PLACES TO VISIT
Djemaa El Fna: The central square, boasting a market place so enticing and raucous, you’ll be pressed to find a better place to shop for curios and Moroccan products alike. It can also be very intense (especially at night) so be prepared to have your wits about you. Don’t miss out on some a cup of fresh squeezed orange juice in the square and do not take any pictures of locals or their monkeys/snakes without permission.
Marrakech Souk: Entrench yourself in the mazes of this local marketplace, but also be ready to bargain and negotiate! The shops aren’t grouped thematically by any means – but you will find almost anything your heart desires while you search your way through it.
Koutoubia Mosque: The Architecture of Moroccan mosques are unique—they feature beautifully raised square minarets, which peak through the skyline of the city. While it is a feature to see, it is worth noting that it’s an active mosque, and non-muslims are not permitted to enter the space.
Ben Youssef Madrasa: A Madrasa is the Islamic version of a Sunday school – a place for muslims to learn about Islamic scripture, and religious beliefs. The Ben Youssef Madrasa one once the largest Quranic school in the north Africa, whose architectural splendor still remains. While it is no longer an active school, the beauty of the now restored building is open to visitors.

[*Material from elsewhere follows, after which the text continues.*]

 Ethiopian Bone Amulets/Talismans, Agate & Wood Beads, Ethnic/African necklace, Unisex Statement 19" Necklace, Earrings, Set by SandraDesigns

The Bahia Palace: Paying homage to Arab architectural styles, this palace was once home to one of the sultan’s grand viziers. With elaborate details and finishings, especially in the harem, this palace is worth a visit to experience some of the grandeur of the time.
Jardin Majorelle: Created over 40 years by artist Jacque Majorelle, scattered with plants from around the world, this garden is a landmark of the city. After Majorelle’s death, the garden lay in disrepair until Yves Saint Laurent and his partner Pierre Bergé bought it with the intention of restoring it to Majorelle’s original vision. This part garden, part villa, part boutique, part museum is a wonderful oasis in the midst of the city. This one is definitely not to be missed.
Maison de la Photographie de Marrakech: The Maison de la Photographie de Marrakech houses a collection of vintage photographs and documents, dating back to 1870. Wander through the three floors of the museum to see Morocco through the eyes of those who have lived there, or passed through from generations ago. When you’re done, be sure to have a cup of mint tea on the terrace.
Merzouga Desert Camp is on the fringe of the city, but a great taste of the Sahara desert. Choose to camp, or glamp, and take in a camel ride through the dunes. An unforgettable experience is watching the moon rise above the dunes at night.